In 1981, Argentina’s war on the Falklands allowed her a morally justified military operation that did much to restore British pride in the armed forces.

Of course, her ruthless modernization did away with much that denizens and lovers of an older Britain held dear. The sense of discretion, civility, quiet common sense, and stoicism in the face of adversity that used to characterise the country went by the board; and some Frenchmen found their old ‘frenemy’ returning to earlier ways. ‘Les Anglais sont des brutes épaisses (the English are gross brutes),’ a French friend remarked to me, not unpleased at seeing his ancient prejudices reconfirmed.  And in a remark that focused  much of the difference, former Prime Minister Harold Macmillan – the product of a far more aristocratic Scottish middle class -- murmured through his moustache, ‘The lady is selling the family silver.’
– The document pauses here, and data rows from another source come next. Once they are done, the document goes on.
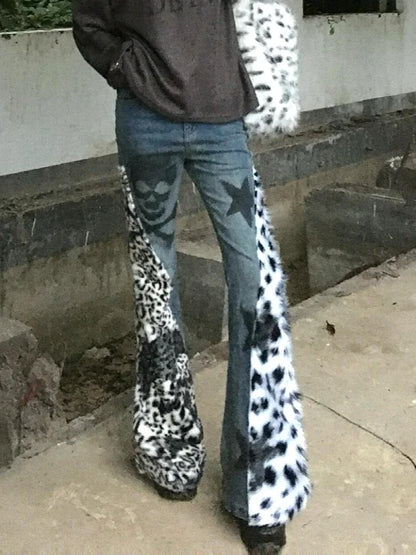 Vintage Leopard Star Print Flare Jeans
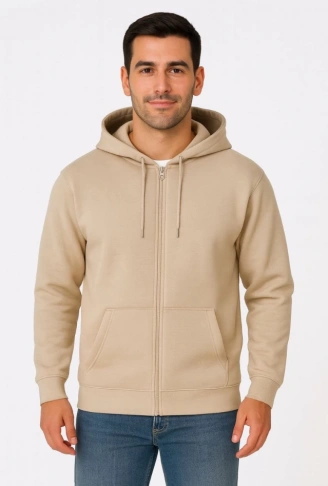 Erkek Üç İplik Kapüşonlu Tam Fermuarlı Kanguru Çepli SweatShirt Hoodie - Bej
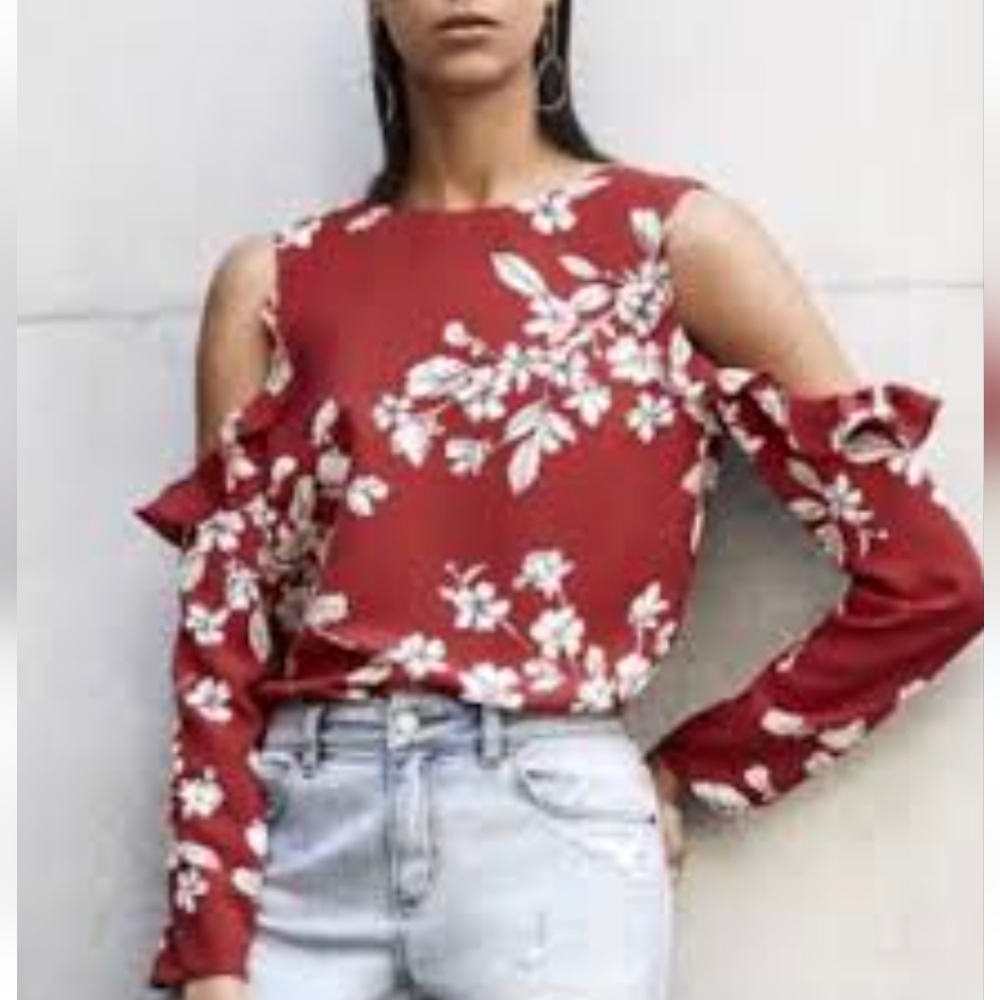 Witchery size 8 long sleeve cold shoulder top - Picture 1 of 4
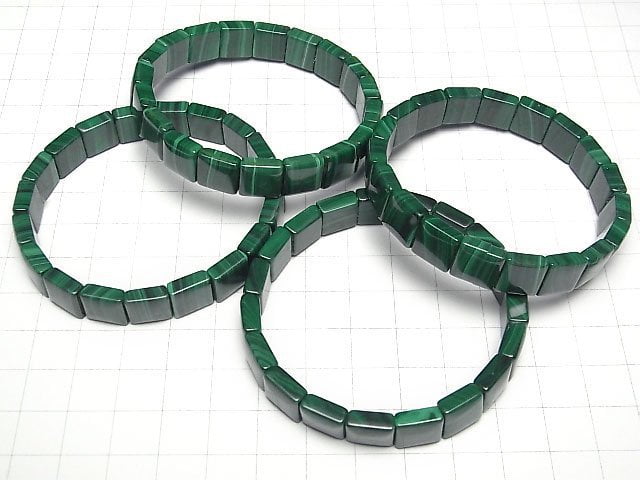 [Video]Malachite AA++ 2-hole Square 10x10mm 1strand (Bangle Bracelet)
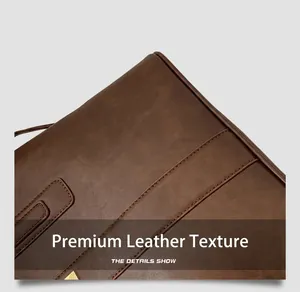 Macro view of dark brown leather texture with precise stitching and metallic detail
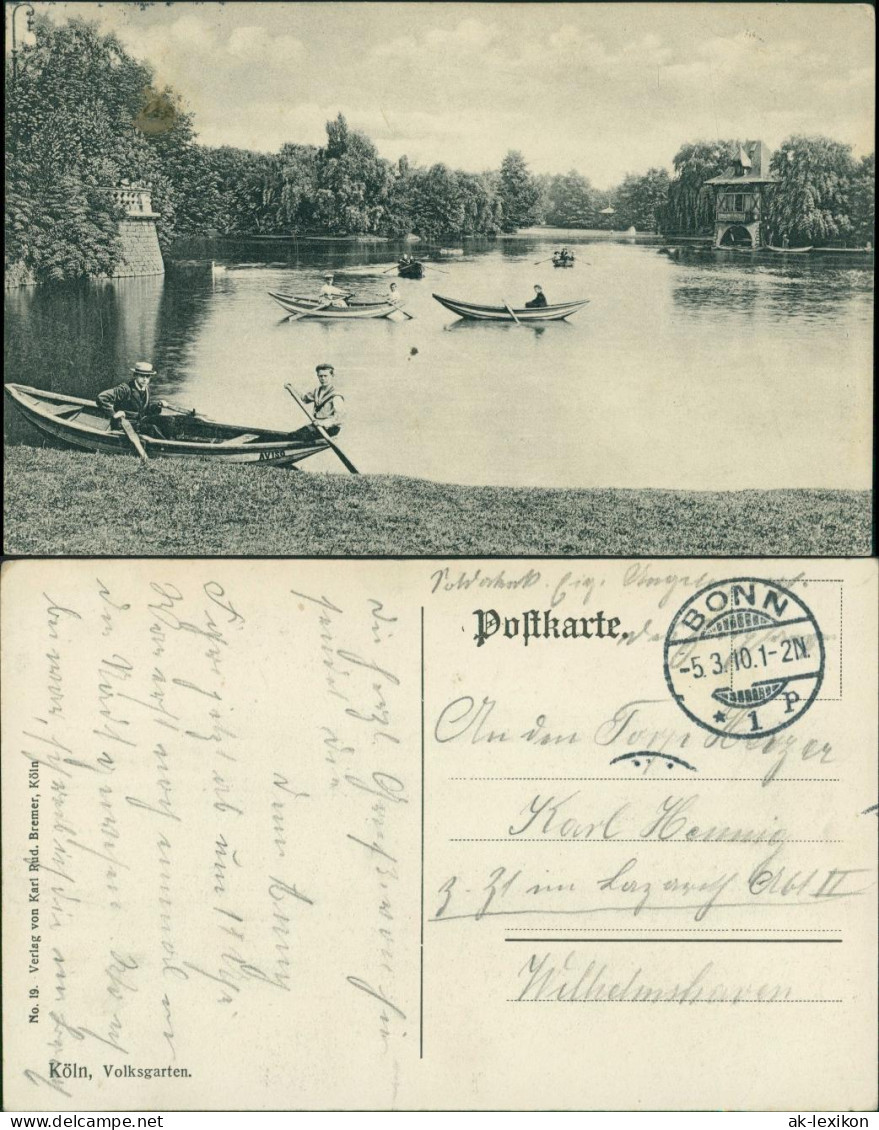 Ansichtskarte Köln Ruderer, Taubenhaus - Volksgarten 1910  - Koeln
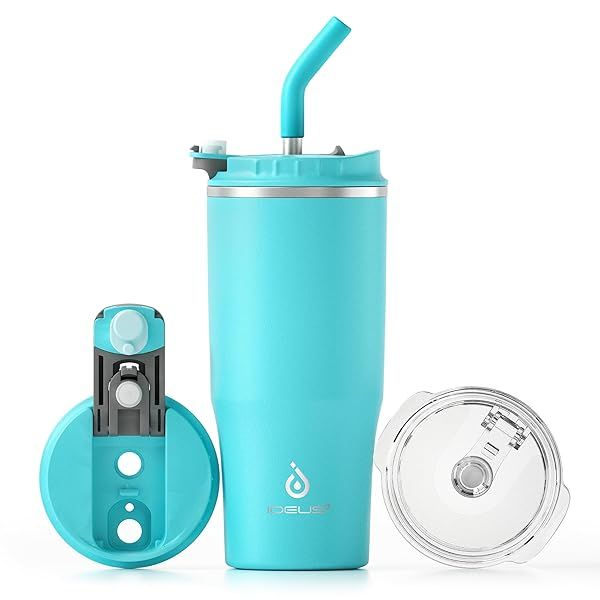 Ideus 24oz Insulated Travel Coffee Tumbler Stainless Steel Mug with Lids and Straw Double Wall Vacuum Flask Sky Blue for Men and Women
She was often referred to as a grocer’s daughter, the implication being that she had no gentility, no compassion and a middle-class mercantile disposition. Her patriotism also was a little strident, more Daily Mail than the old Thunderer.

She was a rival Queen, and her relations with the real Monarch were reputedly cool. But like the first Elizabeth, she manipulated her male courtiers with considerable talent, and at least one, Ian Gow, seems to have been her Christopher Hatton, genuinely in love with her until an IRA bomb murdered him.

She was what we would now call a Eurosceptic, realising that Britain would always have three spheres of activity none of which it could or should neglect: Europe, certainly, but also the Atlantic relationship with America, and the Commonwealth. Given that outlook, she had considerable influence outside Europe, notably in her friendship with President Reagan and in her encouragement of Mikhail Gorbachev.

In fairness, it should be said that much of what lovers of the older Britain regretted and regret had already been lost when she came to power. The Sixties changed the country’s culture far more radically than she did. The Seventies were a time of ruin, morosity, wildcat strikes everywhere and loathing. She picked the country up, shook it till its teeth rattled, kicked it in the seat of its pants, and set it on a new course. Richer but more vulgar; faster and more thrusting; more successful but more brutal.

I grew up in the older Britain, which I loved. But by 1974 that had disappeared, at least in public discourse. (In private it still lives on, in small towns and villages, at least wherever cottages do not have vast shiny BMWs parked outside.) My feelings toward the new Britain (now known as the You Kay) are ambiguous. As are those toward that strong, often harsh, often charming, intelligent woman. Her last pictures show the narrow, suspicious, angry eyes of Alzheimer’s, which I’ve seen close up in real life, and which I wouldn’t wish on my worst enemy. Someone tweeted furiously, ‘Iron Lady, Rust in Peace.’ She did not initiate but completed the change in her country. She did a mighty if controversial job. She deserves her rest.